A significant collection of around 200 historical artifacts related to the history of public health in Canada is located in the Gage building at 223 College Street. The artifacts relate both to the building’s history as the national headquarters of the National Sanitarium Association (NSA), as well as to its more recent history as a centre of occupational health research. This collection is managed by the Dalla Lana School of Public Health.
The collection includes:
– Historical objects relating to the building’s history as the headquarters of the National Sanitarium Association (NSA).
– Occupational health sampling and testing equipment (c. early 20th century to c. 1980s), along with related consumables such as filters and glass analyser tubes.
An incomplete inventory of this material was carried out in 2016 by students in the Master of Museum Studies program. Some artifacts have been catalogued by the University of Toronto Scientific Instruments Collection.
Historical Background:
Gage Institute (1914-1971)
The Gage Institute was established at 223 College Street in 1914 through a donation of land and funding from Sir William Gage (1849-1921), a successful Toronto printer. The Gage Institute was the headquarters of the National Sanitarium Association (NSA) and served as a centre for research into tuberculosis until 1971, by which time tuberculosis rates had declined dramatically. A few artefacts, all catalogued in the current UTSIC catalogue, survive from the Gage’s early history.
In 1971, the NSA sold the Gage Building to the University of Toronto, forming the Gage Research Institute as a partnership between the NSA, the School of Hygiene, and, later, the occupational health group at St. Michael’s Hospital. The new entity had a broad mandate to study respiratory diseases such as smoking, air pollution health effects, and occupational illnesses such as inhalation toxicoses. This is one of two primary sources of the artefacts in the current collection in the Gage building.

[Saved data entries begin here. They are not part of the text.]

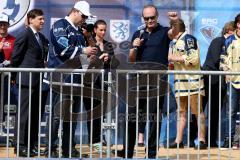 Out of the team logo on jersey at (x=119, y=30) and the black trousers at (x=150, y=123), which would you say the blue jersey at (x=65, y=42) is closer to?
the black trousers at (x=150, y=123)

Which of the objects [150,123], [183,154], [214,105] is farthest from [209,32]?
[150,123]

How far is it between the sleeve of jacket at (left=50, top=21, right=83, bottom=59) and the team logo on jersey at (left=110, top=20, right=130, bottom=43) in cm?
203

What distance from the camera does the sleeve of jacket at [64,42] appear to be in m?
9.04

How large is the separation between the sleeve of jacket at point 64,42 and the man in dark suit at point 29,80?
0.41 m

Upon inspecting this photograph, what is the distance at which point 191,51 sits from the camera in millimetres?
10148

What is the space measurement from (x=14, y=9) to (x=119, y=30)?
1.65 metres

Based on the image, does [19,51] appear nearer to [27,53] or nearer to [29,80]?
[27,53]

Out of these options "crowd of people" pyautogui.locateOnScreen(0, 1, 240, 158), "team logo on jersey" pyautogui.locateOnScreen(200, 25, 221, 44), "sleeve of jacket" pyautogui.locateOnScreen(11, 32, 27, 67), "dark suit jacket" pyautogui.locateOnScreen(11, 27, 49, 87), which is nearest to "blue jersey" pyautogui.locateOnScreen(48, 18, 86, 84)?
"crowd of people" pyautogui.locateOnScreen(0, 1, 240, 158)

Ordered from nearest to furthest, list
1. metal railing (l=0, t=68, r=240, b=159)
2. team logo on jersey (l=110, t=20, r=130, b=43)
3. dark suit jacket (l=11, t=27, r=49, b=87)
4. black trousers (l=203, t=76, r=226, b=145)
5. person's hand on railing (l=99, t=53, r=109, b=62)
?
metal railing (l=0, t=68, r=240, b=159), dark suit jacket (l=11, t=27, r=49, b=87), person's hand on railing (l=99, t=53, r=109, b=62), black trousers (l=203, t=76, r=226, b=145), team logo on jersey (l=110, t=20, r=130, b=43)

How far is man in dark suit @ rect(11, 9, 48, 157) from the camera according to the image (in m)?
8.84

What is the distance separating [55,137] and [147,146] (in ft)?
3.88

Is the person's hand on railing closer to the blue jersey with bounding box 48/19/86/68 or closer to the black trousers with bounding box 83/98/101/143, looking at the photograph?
the blue jersey with bounding box 48/19/86/68

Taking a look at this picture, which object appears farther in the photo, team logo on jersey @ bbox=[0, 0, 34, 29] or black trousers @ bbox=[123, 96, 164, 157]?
team logo on jersey @ bbox=[0, 0, 34, 29]

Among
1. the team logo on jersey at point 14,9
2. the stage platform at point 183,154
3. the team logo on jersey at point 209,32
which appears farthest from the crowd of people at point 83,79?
the team logo on jersey at point 14,9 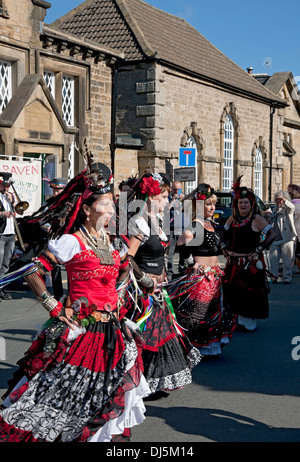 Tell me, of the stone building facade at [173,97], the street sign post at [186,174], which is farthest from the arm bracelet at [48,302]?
the stone building facade at [173,97]

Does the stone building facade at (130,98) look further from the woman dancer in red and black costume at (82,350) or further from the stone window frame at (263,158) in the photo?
the woman dancer in red and black costume at (82,350)

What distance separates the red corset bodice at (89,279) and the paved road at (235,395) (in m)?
1.13

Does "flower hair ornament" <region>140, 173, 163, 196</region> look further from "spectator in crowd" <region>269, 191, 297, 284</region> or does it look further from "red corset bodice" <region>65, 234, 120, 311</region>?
"spectator in crowd" <region>269, 191, 297, 284</region>

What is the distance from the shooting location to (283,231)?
12734 millimetres

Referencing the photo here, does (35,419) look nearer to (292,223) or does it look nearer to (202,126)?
(292,223)

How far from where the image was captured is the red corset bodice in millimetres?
4066

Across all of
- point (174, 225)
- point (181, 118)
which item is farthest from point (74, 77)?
point (174, 225)

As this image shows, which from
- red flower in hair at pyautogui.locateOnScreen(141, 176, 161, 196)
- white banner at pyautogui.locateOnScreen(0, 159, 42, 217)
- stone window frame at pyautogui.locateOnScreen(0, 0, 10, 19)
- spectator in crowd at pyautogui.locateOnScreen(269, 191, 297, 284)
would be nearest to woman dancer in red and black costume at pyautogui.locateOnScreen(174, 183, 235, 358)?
red flower in hair at pyautogui.locateOnScreen(141, 176, 161, 196)

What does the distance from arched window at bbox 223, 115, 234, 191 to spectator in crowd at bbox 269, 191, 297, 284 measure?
1551 cm

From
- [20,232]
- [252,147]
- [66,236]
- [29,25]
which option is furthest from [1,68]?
[252,147]

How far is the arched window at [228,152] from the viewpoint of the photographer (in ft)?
92.7

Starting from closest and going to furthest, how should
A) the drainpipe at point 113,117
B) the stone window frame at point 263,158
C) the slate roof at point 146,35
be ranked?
the drainpipe at point 113,117
the slate roof at point 146,35
the stone window frame at point 263,158

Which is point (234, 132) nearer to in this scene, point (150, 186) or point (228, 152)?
point (228, 152)

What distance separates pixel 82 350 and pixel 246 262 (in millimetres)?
4531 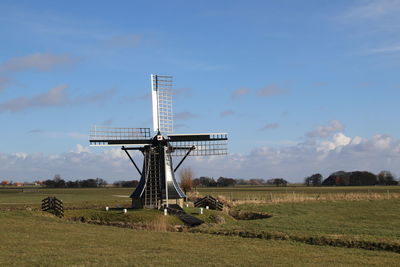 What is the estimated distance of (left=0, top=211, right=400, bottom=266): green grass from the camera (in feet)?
58.9

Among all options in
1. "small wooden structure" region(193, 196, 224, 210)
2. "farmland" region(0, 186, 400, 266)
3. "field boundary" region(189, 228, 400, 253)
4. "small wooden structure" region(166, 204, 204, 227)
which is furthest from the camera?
"small wooden structure" region(193, 196, 224, 210)

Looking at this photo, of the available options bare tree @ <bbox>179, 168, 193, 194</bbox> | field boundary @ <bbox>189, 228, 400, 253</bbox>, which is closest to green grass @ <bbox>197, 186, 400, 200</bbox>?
bare tree @ <bbox>179, 168, 193, 194</bbox>

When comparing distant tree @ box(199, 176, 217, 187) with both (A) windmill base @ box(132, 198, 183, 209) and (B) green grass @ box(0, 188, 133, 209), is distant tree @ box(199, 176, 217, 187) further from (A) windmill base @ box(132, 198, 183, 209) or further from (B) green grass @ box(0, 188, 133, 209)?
(A) windmill base @ box(132, 198, 183, 209)

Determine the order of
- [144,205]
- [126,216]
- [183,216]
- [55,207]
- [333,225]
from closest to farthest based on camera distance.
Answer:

Occupational Health at the School of Hygiene and Faculty of Medicine
The earliest instruction in the areas of occupational and environmental health took place at the Department of Physiological Hygiene, part of the School of Hygiene that was established in 1924-1925. The School was the major Canadian centre for research and instruction in public health over many decades. It offered instruction in industrial hygiene as early as 1930, with a diploma offered from 1943. Over the subsequent decades, researchers at the school worked with, and received funding from, a number of industries. The earliest artefacts relating to the study of occupational health in the current collection date from the 1940s.
In November of 1970, the Department of Physiological Hygiene was renamed the Department of Environmental Health. The School of Hygiene was dissolved amid considerable acrimony on 30 June 1975. It was partially replaced by the Graduate Department of Community Health within the Faculty of Medicine. In 1978 the Occupational and Environmental Health Unit was established at the Graduate Department of Community Health.
Integrating the two streams
In the mid-1980s, a group emerged within the Occupational and Environmental Health Unit whose work focussed on airborne diseases related to dusts and vapours. This group became part of the Graduate program of the Department of Public Health Sciences, which was formed in July of 1997. Initially located within the McMurrich Building, these researchers later moved to the Gage Research Institute where work in the area of respiratory illnesses and environmental health was ongoing. This process of consolidation ended in 2004; it integrated the material culture of the two research groups, forming the current collection.
Renewed interest in an independent Faculty of Public Health produced the Dalla Lana School of Public Health, under which the Division of Occupational & Environmental Health and the Gage Occupational and Environmental Health Unit currently operate.
Persons Responsible:
Andrea Sass-Kortsak, Associate Professor, Epidemiology Division & Occupational & Environmental Health Division
James Scott, Professor and Division Head in the Dalla Lana School of Public Health, Division of Occupational & Environmental Health.
Relevant archival sources:
Ernest Mastromatteo fonds, CA UTA 1524. University of Toronto Archives and Records Management Services, Toronto, Ontario, Canada.